La Banque du Japon commencera à expérimenter avec le yen numérique

La Banque du Japon a annoncé jeudi qu’elle allait expérimenter avec une CBDC pour vérifier sa faisabilité d’un point de vue technique.

La Banque du Japon a annoncé qu’elle commencerait à expérimenter avec une monnaie numérique de la banque centrale (CBDC) pour vérifier sa faisabilité d’un point de vue technique

La BoJ veut numériser l’argent liquide, mais il reste à voir si le Japon peut rattraper la Chine qui a déjà commencé à tester sa propre CBDC. C’est la première fois que la Bitcoin Circuit révèle qu’elle entamerait un processus de validation de principe (PoC) avec le yen numérique, mais la banque n’a pas encore dévoilé de calendrier.

Dans un rapport intitulé Obstacles techniques pour la CBDC , la banque a déclaré qu’elle „vérifierait la faisabilité de la CBDC d’un point de vue technique, collaborerait avec d’autres banques centrales et institutions compétentes et envisagerait d’introduire une CBDC“.

En février, la nouvelle est apparue que les banques centrales de Grande-Bretagne, de la zone euro, du Japon, du Canada, de la Suède et de la Suisse avaient annoncé un plan de collaboration pour rechercher des émissions de devises numériques.

Obstacles majeurs

La BoJ pense qu’il existe deux obstacles techniques majeurs: l’accès universel et la résilience.
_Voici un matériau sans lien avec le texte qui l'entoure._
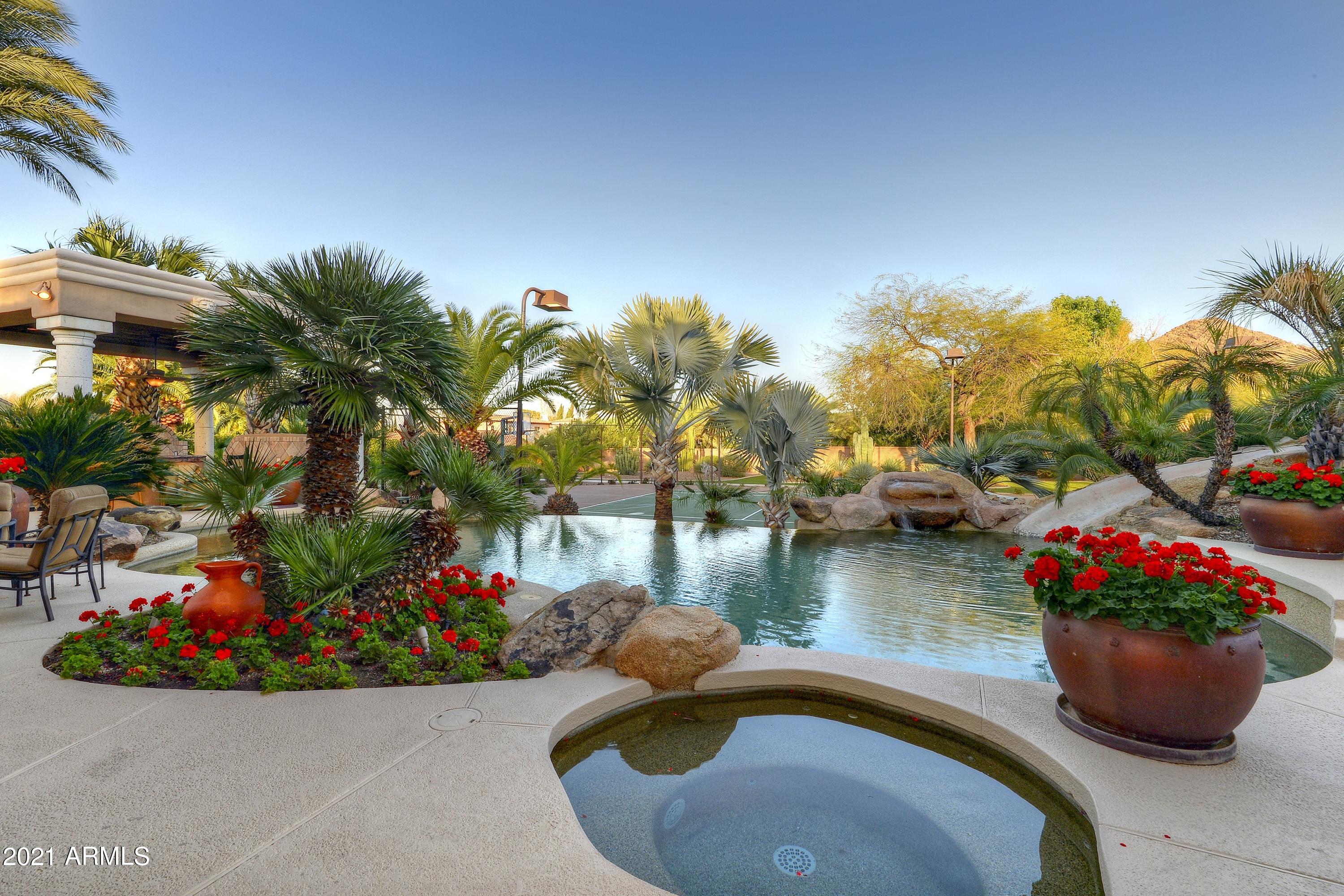 KERR ESTATES 1 - Residential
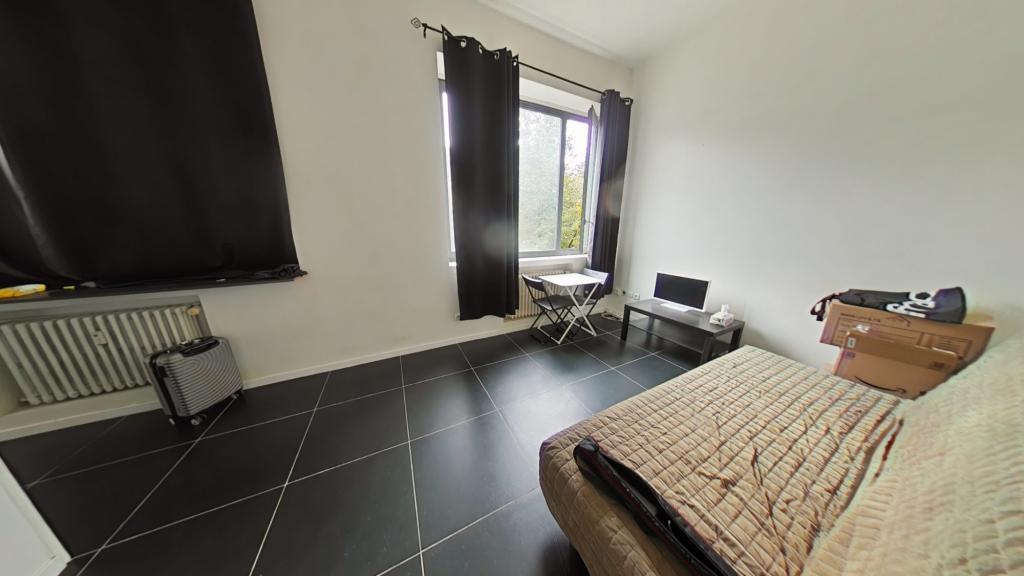STUDIO MEUBLE à Saint-Étienne - Photo 1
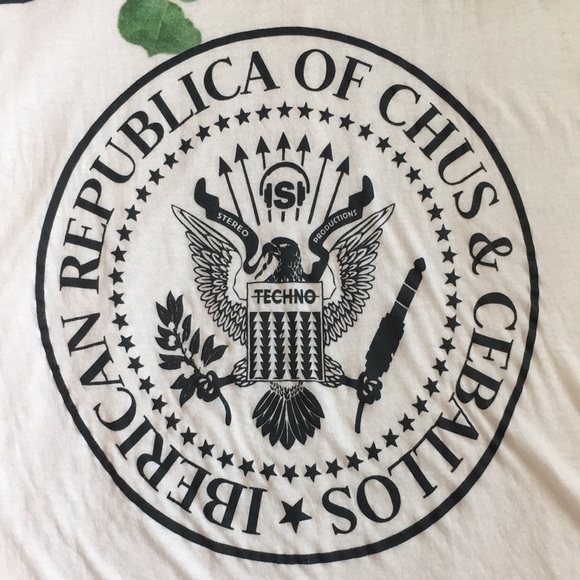 Chus and Ceballos merch tee - Picture 2 of 7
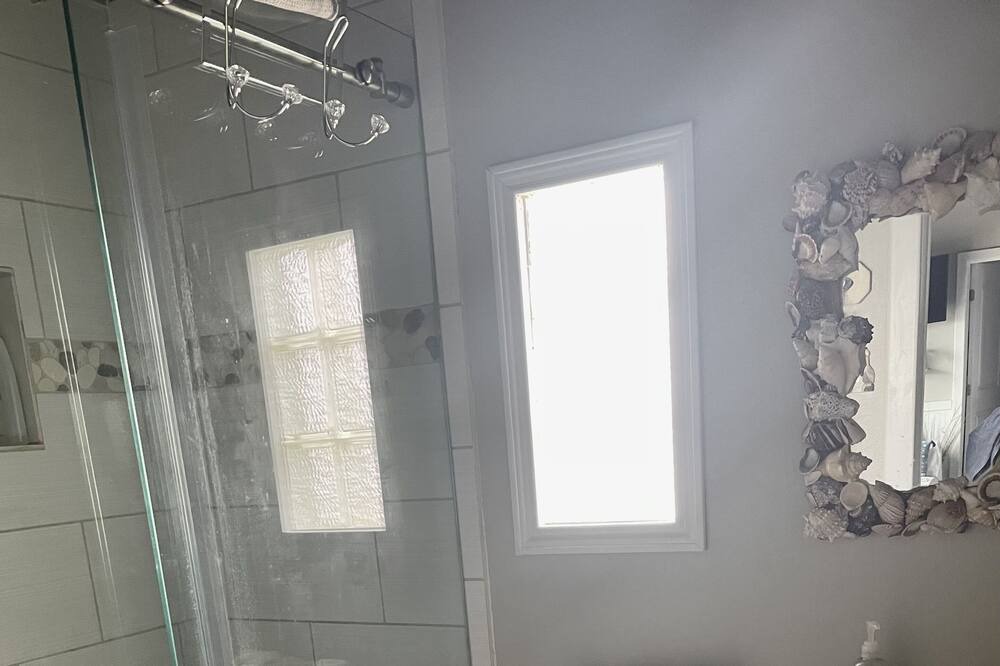 Photo of Bathroom in Cedar Lane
Le premier se réfère à fournir l’accessibilité à tout le monde, y compris ceux sans smartphone. Étonnamment, selon Nikkei , en 2018, seulement 65% des japonais avaient des smartphones. BoJ a déclaré „qu’il est important de développer CBDC pour qu’il soit accessible à une variété d’utilisateurs“.

La «résilience» fait référence à la disponibilité hors ligne lorsque l’alimentation électrique est coupée. La BoJ a souligné l’importance de l’accessibilité dans tout type d’environnement, même dans une situation d’urgence telle qu’un tremblement de terre.

Yen numérique et blockchain

La BoJ envisage d’utiliser ou non la blockchain pour la CBDC. Un système centralisé a le mérite «d’avoir de grandes capacités et une vitesse de transaction rapide», mais l’ensemble du système peut tomber en panne en raison de l’existence d’un point de défaillance unique.

En revanche, les CBDC basés sur DLT peuvent surmonter un seul point de défaillance et faire preuve de résilience mais nécessitent plus de temps pour effectuer les transactions car les réseaux de chaînes de blocs nécessitent un consensus entre plusieurs valideurs.

La BoJ a conclu:

„Les types centralisés et décentralisés ont des avantages et des inconvénients […] dans le cas de transactions massives pour des cas d’utilisation de détail dans les pays avancés, il est préférable d’adopter le type centralisé […] dans le cas où le montant de la transaction est limité et la résilience et les possibilités futures sont prioritaires, il est possible d’envisager le type décentralisé. „

En avril, le yuan numérique chinois aurait été testé dans les villes de Shenzhen, Chengdu, Suzhou et Xiongan.